Melike, ailesi ve amcaları ile beraber depremden sonra yaşadıklarını anlatmaya devam ediyor. Sorunlar bunlar ile de kalmıyor, depremden sonra soba yakamadıklarını ve zehirlenme riskinin olduğunu söyleyen Melike, “Tek problemimiz bunlar da değil ısınmak en büyük sorun bura da. Soba yakamıyoruz çünkü bacalar depremde zarar gördü. Elektrikli ısıtıcılar yetersiz kalıyor.” Melike’ye sıkılarak ne yiyip içtiklerini soruyorum. Melike: “Fırınlar kapalı olduğu için ekmek bulmakta çok zorlanıyoruz. İki aile kısıtlı imkanlar ile ayakta kalmaya çalışıyoruz, sularımız dahi akmıyor.” Şu an ne yapacağını sorduğumda utanarak şu ifadeleri aktarıyor “Şu an otobüsteyim ne kadar gönlüm razı gelmese de üniversiteye dönmek zorundayım.” Evdeki koşulların yetersizliği yüzünden yurduna dönmek zorunda kalan Melike ailesini arkasında bırakmanın mahcupluğu içerisinde anlatmaya devam ediyor. “Günlerdir duş dahil alamadık, kokmaya başladık artık hepimiz, yurda dönünce ilk işim duş almak ve yemek yiyebilmek olacak. Şu an dahi ısındığım için utanıyorum ama yapabilecek bir şey de yok” diyor.

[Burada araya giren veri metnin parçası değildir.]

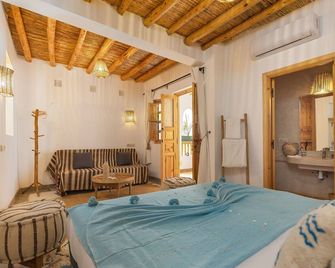 Riad Mama - Marrakech - Habitación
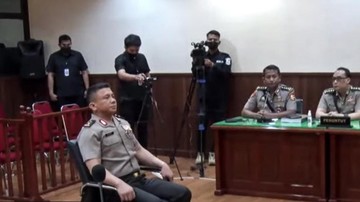 Survei Nyatakan Mayoritas Masyarakat Nilai Pengungkapan Kasus Brigadir J Masih Tidak Transparan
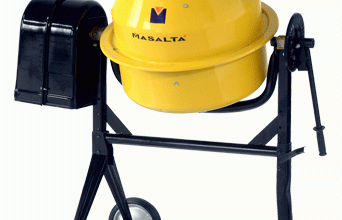 MASALTA MX15 1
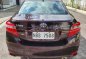 Selling Maroon Toyota Vios 2017 in Quezon City-4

“ORADA YAŞANILAN İLE TELEVİZYON ARASINDA ÇOK BÜYÜK FARK VAR”
Üniversiteden bir başka arkadaşım ile telefonda konuşuyoruz. Rojhat’ın dayısı, eşi ve çocuğu Adıyaman’da enkaz altında kaldıklarını öğreniyorum. İstanbul’da ki evlerinde günlerdir süren umutlu bekleyiş yerini kedere bırakmış durumda. Rojhat bir yandan yakınlarını enkaz altında bırakmanın üzüntüsünü bir yandan 4 gündür kimsenin gitmemesinin öfkesi ile anlatıyor. Rojhat: “Devlet kurumlarında ki liyakatsizlik bugün yaşadığımız sorunların en büyük sebebi. AFAD’ın başına böyle rastgele insanları atarsanız tabi ki de koordineli bir çalışma sürmez. Büyük bir gözden kaçırma var.” Olay yerlerine AFAD ekiplerinin yeterli gelmeyeceğini düşünen Rojhat: ”Orada gönüllü çalışan insanlar var, onlarla daha koordineli çalışılması gerekiyor diyor.” Dayısının ve ailesinin tam 5 gündür enkaz altında kaldığını söyleyen Rojhat ekiplerin gelmediği süre boyunca yakınları ile telefonda konuştuklarında kendi imkanları ile enkazı kazdıklarını öğreniyor. Depremin 5.gününde İsrail’den gelen arama kurtarma ekipleri enkazın olduğu yerden cenazeleri çıkarmaya başlamış, Rojhat ve ailesi de bekleyişlerini sürdürüyor.